Work item
After reading the listing below, copy it out exactly.

Supplied data
------------------------------------

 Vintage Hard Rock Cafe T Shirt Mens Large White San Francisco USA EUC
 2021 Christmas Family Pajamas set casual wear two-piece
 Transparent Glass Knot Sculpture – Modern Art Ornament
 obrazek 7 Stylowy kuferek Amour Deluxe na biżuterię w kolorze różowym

------------------------------------

Result of this exercise
 Vintage Hard Rock Cafe T Shirt Mens Large White San Francisco USA EUC
 2021 Christmas Family Pajamas set casual wear two-piece
 Transparent Glass Knot Sculpture – Modern Art Ornament
 obrazek 7 Stylowy kuferek Amour Deluxe na biżuterię w kolorze różowym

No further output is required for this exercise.